When Layne made a global invitation on a couple of climbing forums, I decided to sign up in order to bag the peaks before the rules change once again and also to meet a number of fellow hikers. I knew some of them only via the internet and email, so it was nice to put a face to the names. I met Layne, Amy, Scott, and Kevin in Colorado Springs, Colorado, around 10:00 on Wednesday to make the long drive to the trailhead of Colorado's southernmost 14er. Other than Layne almost turning an elk into a hood ornament, the drive down was uneventful.
Several vehicles were parked at the gated entrance to the ranch when we arrived around 12:30. I climbed into the back of my Trooper while the others quickly set up tents and crawled into their sleeping bags to escape the coolness of the night. Dogs barked, elk bugled, and coyotes howled all night long. Everyone woke around 6:00 to prepare for our prompt meeting with ranch personnel at 7:00. By 7:30, we had all become acquainted and were becoming concerned about the tardiness of the ranch hand that was to meet us. After a quick phone call, someone arrived to unlock the gate and escort us to the ranch.
At the ranch, we signed the liability waivers, handed over our fee, and consolidated vehicles to drive to the trailhead. Several people only climbing Culebra Peak stopped at 11,000' in order to gain 3,000', while the rest of us drove up to Fourway. The first mile continues on the road until it turns south at which point you leave the trail and begin to climb the grassy and rocky slopes towards the east. I tried to hang with Jim for a while, but he left me in his tracks after about 1,200' of climbing. I climbed Little Bear Peak with Jim last Spring. Shortly after Jim pulled away from me, Jeff passed me by.

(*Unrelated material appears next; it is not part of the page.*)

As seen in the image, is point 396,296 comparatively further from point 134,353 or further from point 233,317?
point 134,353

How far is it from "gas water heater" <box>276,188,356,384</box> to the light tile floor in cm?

Upon reaching the crest of the ridge, Culebra Peak comes into sight. There is a cairn the size of a house that leads you to the northwest ridge. Hakan caught me at a small saddle below the false summit and slowly pulled away from me as Jeff and Jim were making good progress up the ridge. Everyone pretty much went their own pace and I actually ended up hiking alone most of the day. When I reached the false summit, I could see the climbing party was spread over the entire mountain. I made it to Culebra Peak after 1 hour and 55 minutes of hiking where Jim, Jeff, and Hakan were already relaxing on the summit.
After everyone arrived, we congratulated Layne for finishing the 14ers as he unloaded an entire base camp out of his pack. We took a group summit photo and those climbing Red Mountain departed promptly. With the late start of the day, nobody stayed on Red Mountain very long and we made our way back. I decided to bypass Culebra Peak on the return and made an ascending traverse back to the false summit before picking up the ridge and making my way back to the large cairn. From this point, Jim and I continued back to the road and his vehicle to relax in the sun for a while.
Jim and I thanked Layne for organizing the outing and said goodbye to those who hadn't already departed. Since Jim was heading to Creede, Colorado, to hike one of his few remaining Centennials, and I was going to the Sawatch Mountains, we decided to stop in Alamosa, Colorado, and have some mexican food along with a couple of Coronas. I had a great time on the hike and hope to hook up with some of the hikers I met to climb more mountains in the future. My total trail time was 5 hours and 50 minutes.